4: Restaurant menus are sometimes poorly translated. Ahem, that was even a huge understatement. Take a closer look, if I’m not mistaken, your Dutch-speaking mates whimsically have to choose between more lekker options to put on their plate…
5: Foreign magazines are such a rip off ! Let’s become Dutch and kill two birds in one stone by saving money in any possible ways while reading in Original Version.
6: When going through the drastic nightmare of looking for a decent room and the ad says (right at the bottom, otherwise come on; that would ruin the groove) « Dutch speakers only ». Ouch.

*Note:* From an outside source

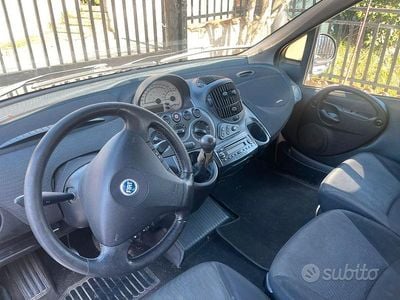 Usata Fiat Multipla 120 CV (88 kW) 2006 Grigio Monovolume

7: Because whenever some crazy fietsdriver shouts some outrageous blablabla insults, you, yes you, would have known how to reply, needless to say, in true local style. I’m afraid my pre-school level didn’t get me far that time I tried my luck. Swearwords have to be useful for real !
8: We’re so sick of that annoying uncle/friend/ex/insert-name-of-a-random-person-here, who, while on a relaxing vacation in your home country, will always cherish the opportunity to publically lash out that lethal so, how’s your Dutch going so far ? You’ve been there for a while now, haven’t you ? Grrrrrr
9: Or that time when my pants learned the hard way that what the neighbors actually meant was wet paint.
10: You’re still trying to figure out a possible meaning for that joke the other day at lunch…or the crunchy parts of that episode of Dagboek van een call girl , zonder subtitles, natuurlijk.
11: We’re not renting on the tricks of the Hungarian or Finnish grammar here, so it shouldn’t be that hard getting beyond the Jip and Janneke phase, uh ?
12 : Whatever he/she said in his/her sleep will remain gone in the drain for centuries and centuries. Even google translate won’t save the day, Sherlock, since you can’t even reproduce that combination of sounds nor figure out how to spell it. Sigh.
13: Sure enough, everyone thought my Ik ga naar de WC was endearing and funny, but that, helaas pindakaas, was once upon a time. Don’t we all want to be able to discuss deeper topics at some point and show off a more intellectual side of ourselves?
There are so many more but right now, I must say I’m a bit lost for words. Boy, if only dictionaries were edible and the word flow would come on its own all the way up to our brain…Keep on munching that Gouda, you never know.
Doie doie (absolutely love that expression, it sounds like “douille’ in French, mostly used a slang for “to pay”)
Don’t worry if these words sound strange or don’t roll off the tongue naturally. These things take time, properly learning Dutch will also be a vital asset in winning over employers.